## Raw data

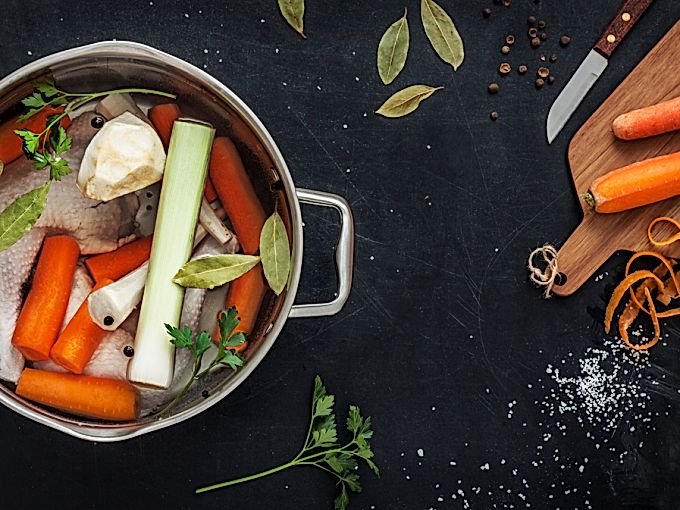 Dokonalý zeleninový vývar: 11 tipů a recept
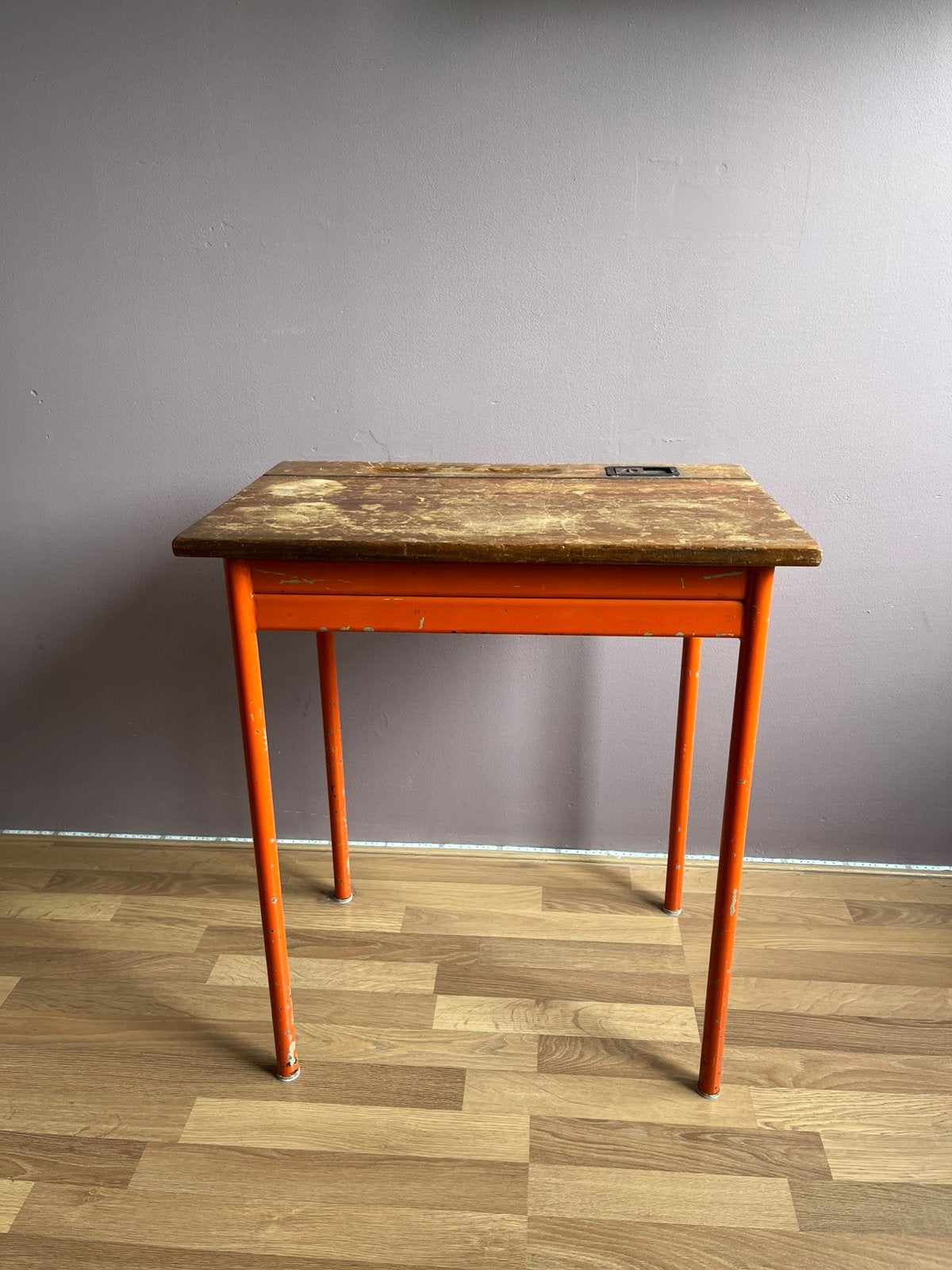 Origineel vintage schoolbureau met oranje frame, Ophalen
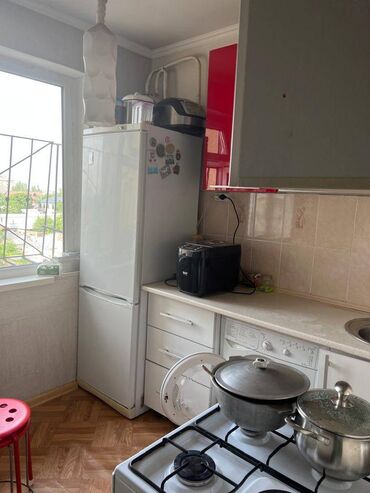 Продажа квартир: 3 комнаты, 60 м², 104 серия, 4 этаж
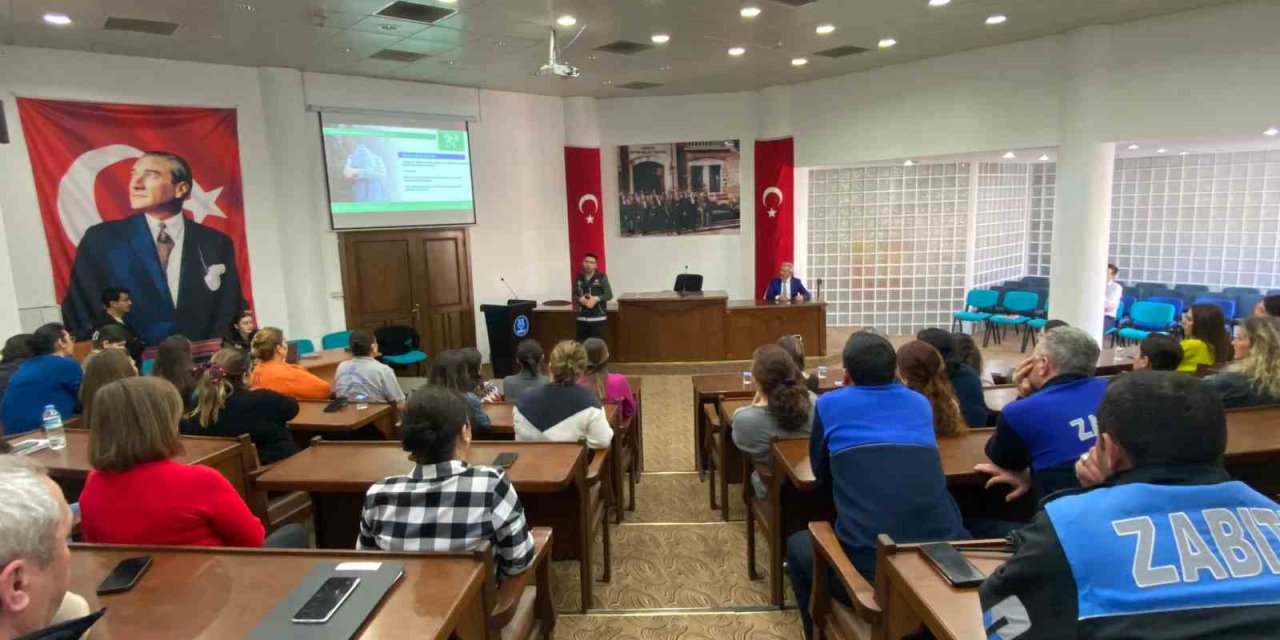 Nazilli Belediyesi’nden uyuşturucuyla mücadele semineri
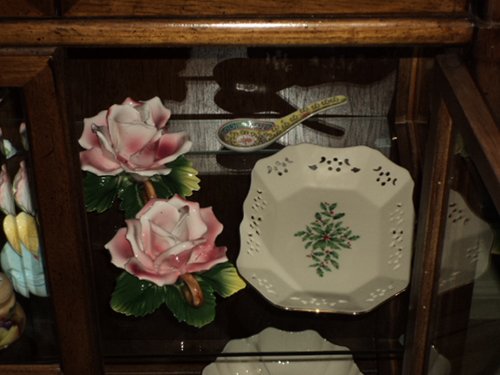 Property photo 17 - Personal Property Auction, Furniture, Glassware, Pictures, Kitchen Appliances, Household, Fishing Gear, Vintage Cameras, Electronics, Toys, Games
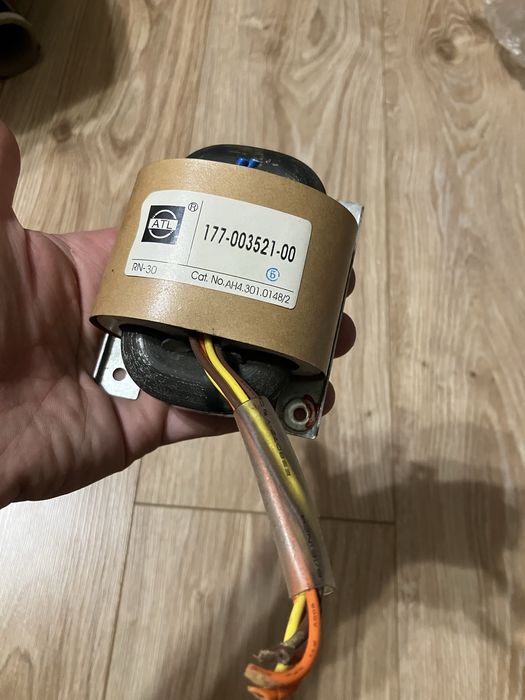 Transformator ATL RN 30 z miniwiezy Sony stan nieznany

## Prompt
Each entry needs to be returned verbatim, with its pictures left out.

## Finished exercise
 Dokonalý zeleninový vývar: 11 tipů a recept
 Origineel vintage schoolbureau met oranje frame, Ophalen
 Продажа квартир: 3 комнаты, 60 м², 104 серия, 4 этаж
 Nazilli Belediyesi’nden uyuşturucuyla mücadele semineri
 Property photo 17 - Personal Property Auction, Furniture, Glassware, Pictures, Kitchen Appliances, Household, Fishing Gear, Vintage Cameras, Electronics, Toys, Games
 Transformator ATL RN 30 z miniwiezy Sony stan nieznany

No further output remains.